Cette violence latente, à la fois révélée et exorcisée par l’amour, l’autre pôle de la vie, sera le principal sujet de In a lonely place (Le Violent, 1950) et de On dangerous Ground (La Maison dans l’ombre, 1951), deux des meilleurs films tournés par Ray au début des années 1950. Il est difficile de ne pas voir des allusions autobiographiques dans In a lonely place, dont le héros est un scénariste hollywoodien (Humphrey Bogart) soupçonné de meurtre et sauvé par l’alibi fourni par sa voisine (Gloria Grahame), qui fut d’ailleurs l’épouse du cinéaste), avec laquelle il noue une liaison. C’est l’un des plus impressionnants portraits que Ray nous ait livrés : celui d’un homme brillant et intelligent, secrètement miné par la misanthropie et incapable de communiquer autrement que par des crises démentielles de violence. In a lonely place offre une analyse psychologique très poussée en même temps qu’un retour à l’univers nocturne et romantique de They Live by Night, avec l’histoire d’une jeune aveugle (remarquablement interprétée par Ida Lupino) qui apprivoise les instincts bestiaux d’un policier sadique (Robert Ryan).
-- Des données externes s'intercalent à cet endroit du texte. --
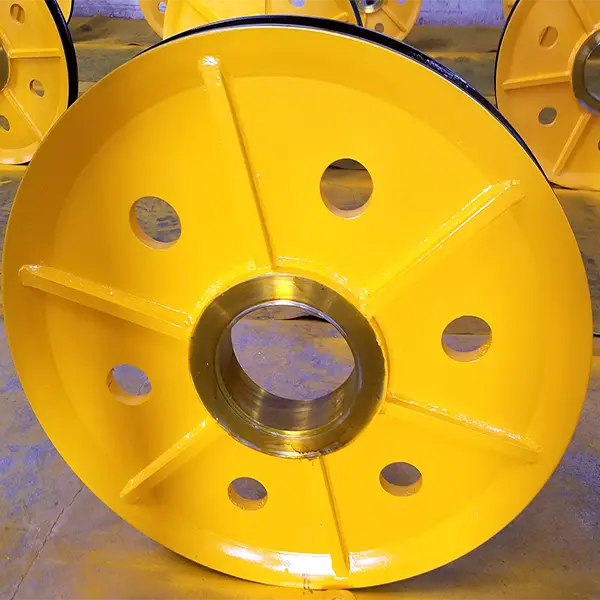 din15421 rope pulley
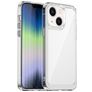 Mobigear Crystal Coque Transparente iPhone 14 Coque arrière Rigide - Transparent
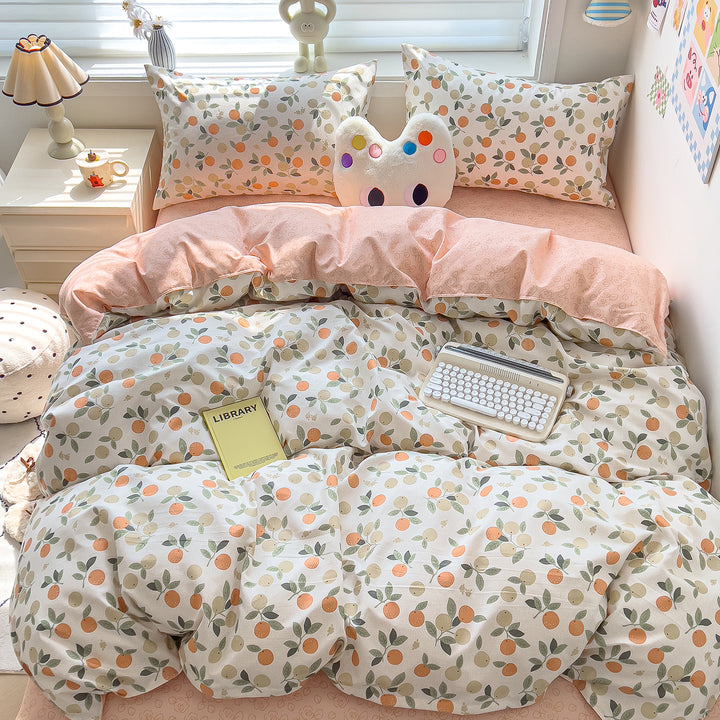 Geometric Print Bedding Set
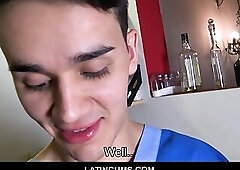 Twink Latino Nurse Boy Fucked By Stranger For Cash POV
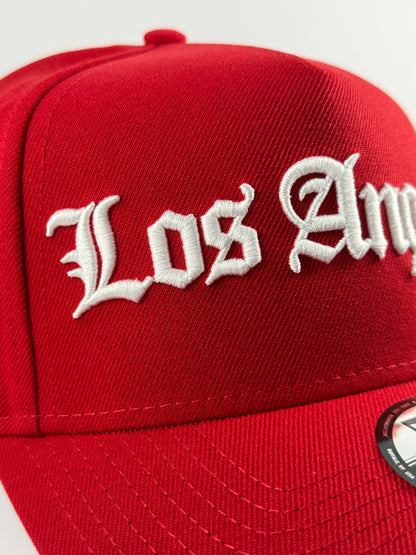 GORRA NEW ERA LOS ANGELES “DODGERS STADIUM” ROJA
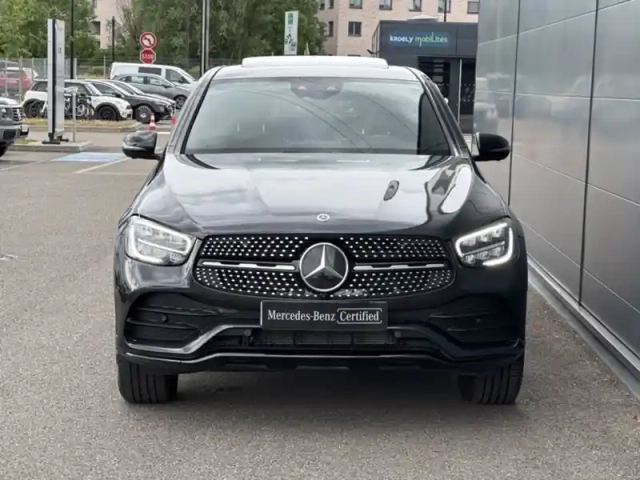 Mercedes Glc 300e 4matic coupé amg line — photo 8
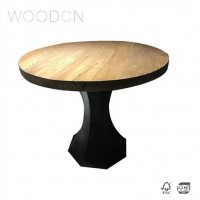 Recycle Old Elm Veneer Coffee Table Top13
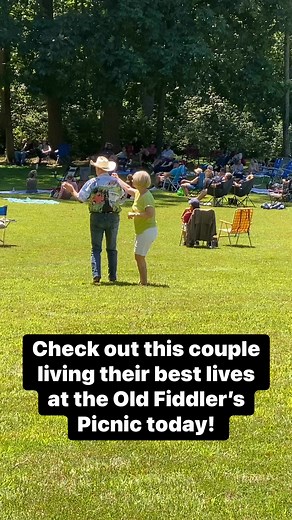 Old Fiddler's Picnic | Kathi Rendall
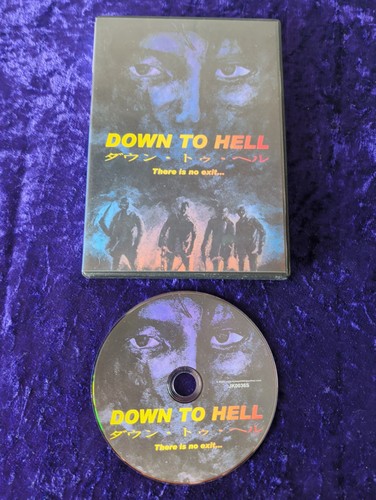 Dvd down hell - hell, japanese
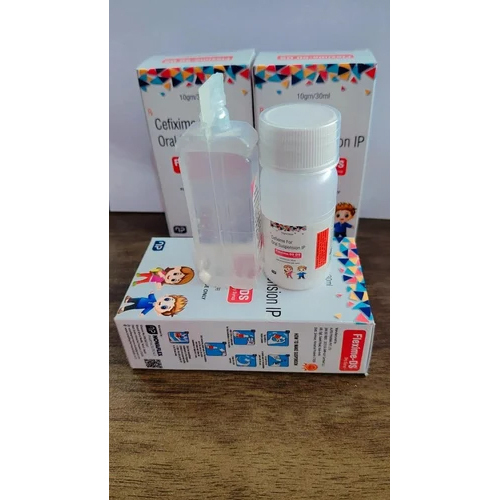 Cefixime Suspension Ds Syrup - Drug Type: General Medicines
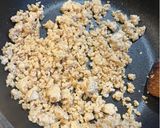 罪な味?プリズン鶏そぼろ丼作り方3写真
Même caractère de violence, ici lié à un sentiment aigu et frustrant de l’échec, dans The Lusty Men (Les Indomptables, 1952), qui nous plonge dans le monde fascinant et précaire des professionnels du rodéo. La violence, découverte par hasard, peut aussi agir comme un révélateur de pulsions profondes. Ainsi le professeur de Bigger than Life (Derrière le miroir, 1956) échappe-t-il à une vie médiocre grâce à la cortisone, qu’il a découverte pour des raisons strictement médicales et dont il abuse ensuite sciemment, l’exaltant sentiment de puissance donné par la drogue ayant éveillé sa mégalomanie latente.
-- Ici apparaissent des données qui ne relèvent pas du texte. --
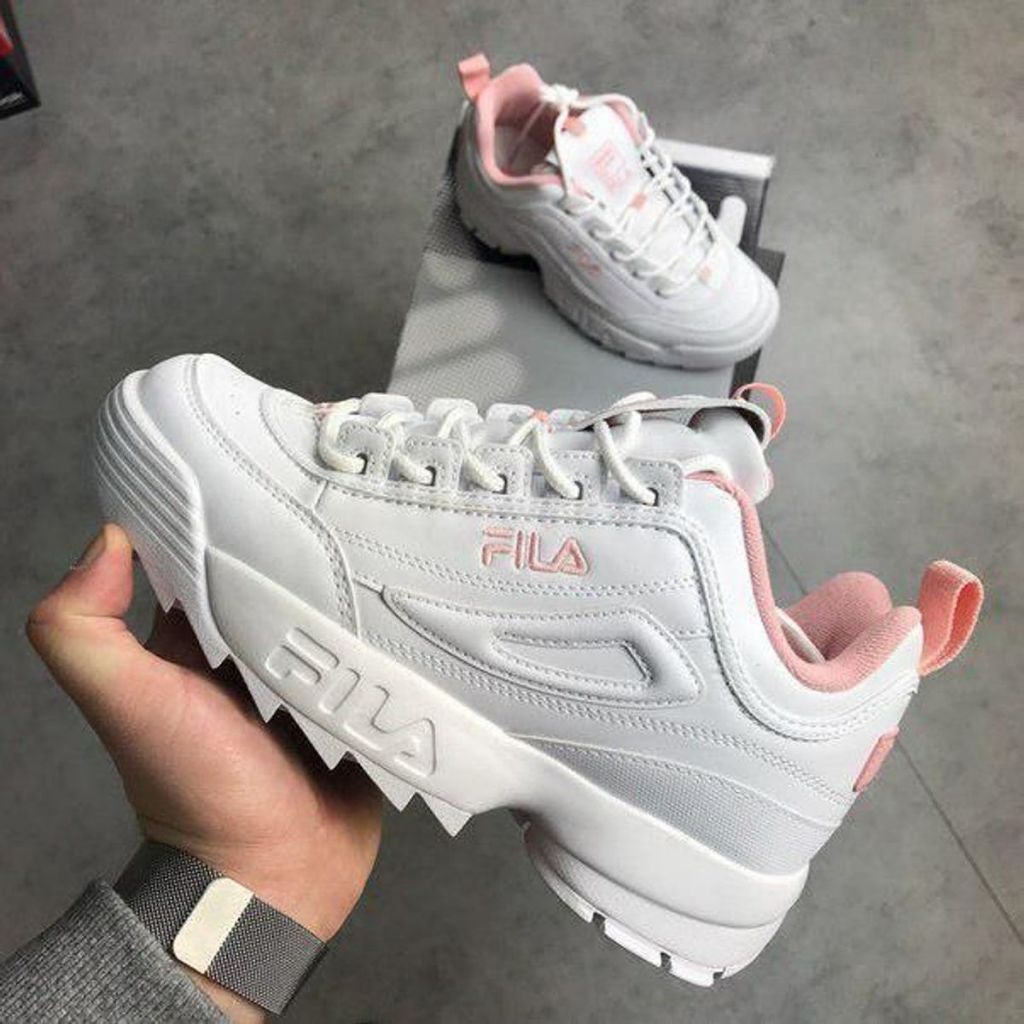 Tenis fila disruptor shop feminino original preço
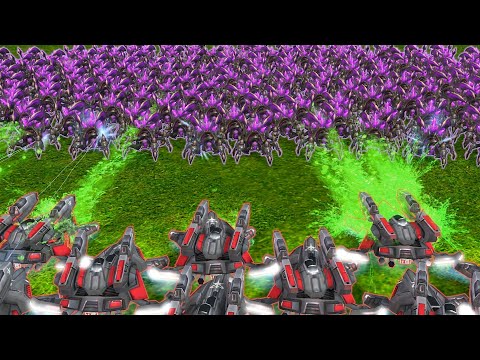 Are 100 Diamondbacks a match for 200 Roaches? [Daily StarCraft Brawl]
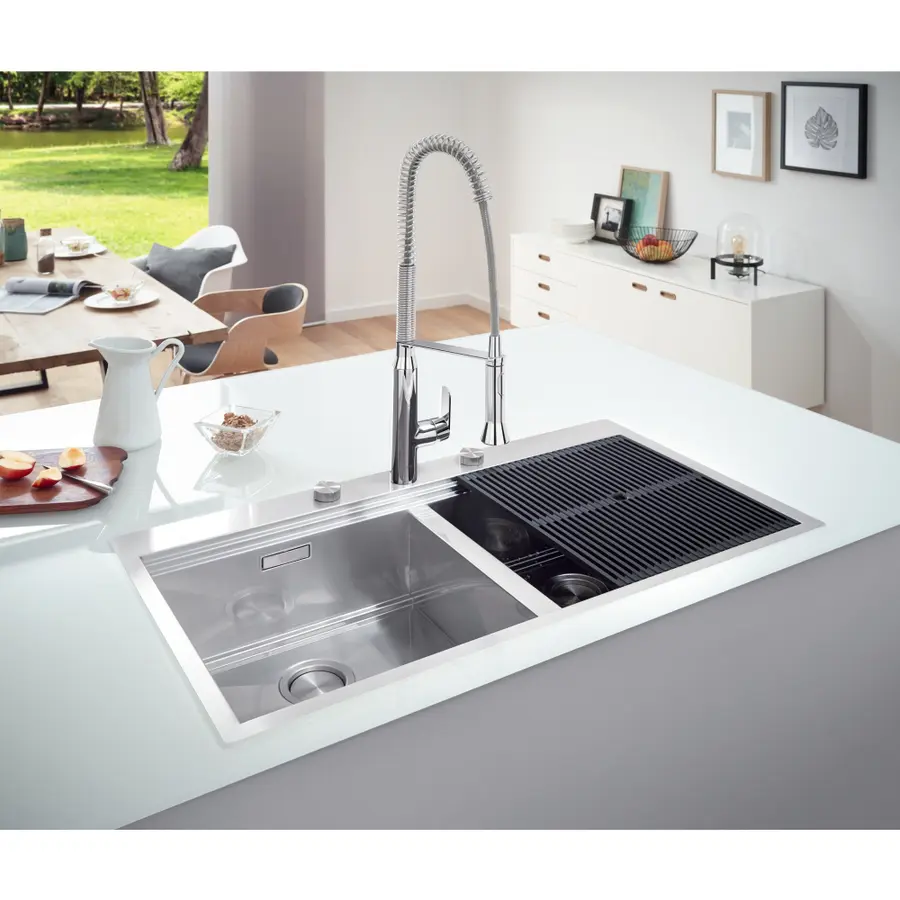 Кухонна мийка Grohe Sink K800 31584SD0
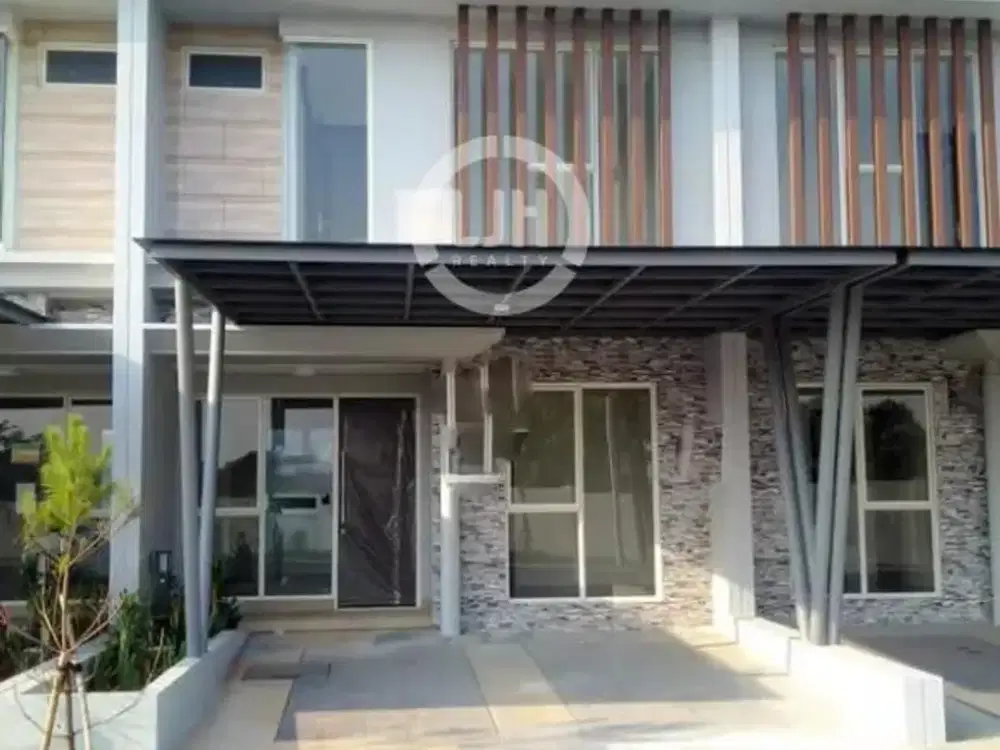Rumah Semi Furnished 2,5 Lantai di JGC Cluster Mississippi, Cakung, Jakarta Timur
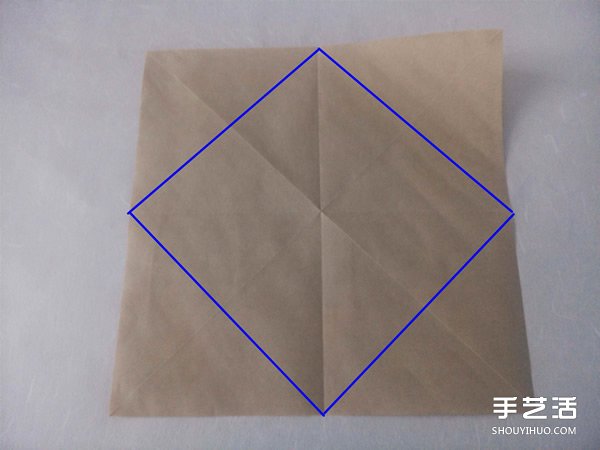 立體兔子的折法圖解 復(fù)雜站立紙兔子折紙教程 -  itrip.net.cn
James Mason est hallucinant dans ce film qui peut apparaître aujourd’hui comme une vision moderne et prophétique et l’une des meilleures analyses de la toxicomanie. Dans Rebel Without a Cause, les accès de violence, jusqu’au paroxysme de la mort de Plato (Sal Mineo), scandent le douloureux mais inévitable passage de Jim (James Dean) de l’enfance à l’état d’adulte.

Des rêveurs nostalgiques
« Moi aussi je suis un étranger ici ». déclare Johnny (Sterling Hayden) dans Johnny Guitar pour expliquer sa passivité pendant le cambriolage de la banque. Phrase tout à fait significative de toute une série de personnages chers à Ray. Elle témoigne d’une sorte de paix spirituelle, d’une propension au rêve et du refus d’une réalité jugée inacceptable ; mais elle laisse aussi présager de violents conflits lorsque le monde extérieur menace d’empiéter sur l’univers intérieur. Johnny sortira de son détachement serein pour préserver la femme qu’il aime, Vienna (Joan Crawford).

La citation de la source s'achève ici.